EUR/USD bulls broke December highs, but correction is still possible
The US Dollar was under intense selling pressure on Thursday and was being put down by renewed fears of an inversion in the yield curve, seen as a reliable indicator of a recession in the future. The FOMC policy decision/outlook turned out to be not so dovish and led to a rise in short-term and a fall in the long-dated yields, which affected the USD negatively.
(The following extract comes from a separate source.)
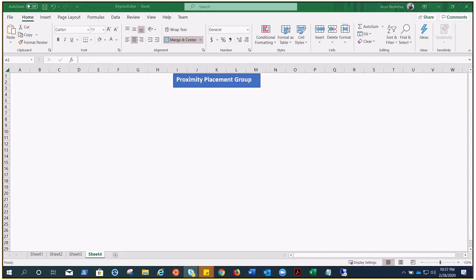When deploying your application in Azure, spreading instances across regions or availability zones creates network latency which may impact the overall performance of your application. Hello everyone, my name is Aaron and welcome to the Proximity Placement Group video.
The greenback was further pressured by disappointing Philly Fed Manufacturing index, which plunged by 3.5 to 9.4 for a month.
Broad-based USD selling pushed the EUR/USD pair to six-week tops and closer to the key 1.1500 psychological marks.
The pair was oscillating in a narrow trading band through the Asian session on Friday as market participants now look forward to the release of German GFK consumer confidence index. Today’s release of important US macro releases is expected: Q3 GDP and November durable goods orders data might infuse some short-term volatility.
The Euro started a decent upward move this week and traded above the 1.1380 resistance area against the US Dollar. The EUR/USD pair even broke the 1.1420 resistance area to move into a bullish zone.
The pair traded as high as 1.1484 recently and settled above the 50 hourly simple moving average. At the outset, the pair is correcting lower towards the 1.1435 support or the 50% Fib retracement level of the last wave from the 1.1402 low to 1.1484 high.
On the downside, there is a major bullish trend line in place with support at 1.1430 on the hourly chart of EUR/USD. Therefore, if there is a downside extension, the pair is likely to find bids near 1.1430.
On the upside, a break above the 1.1480 and 1.1500 resistance levels may perhaps clear the path for more gains in the near term.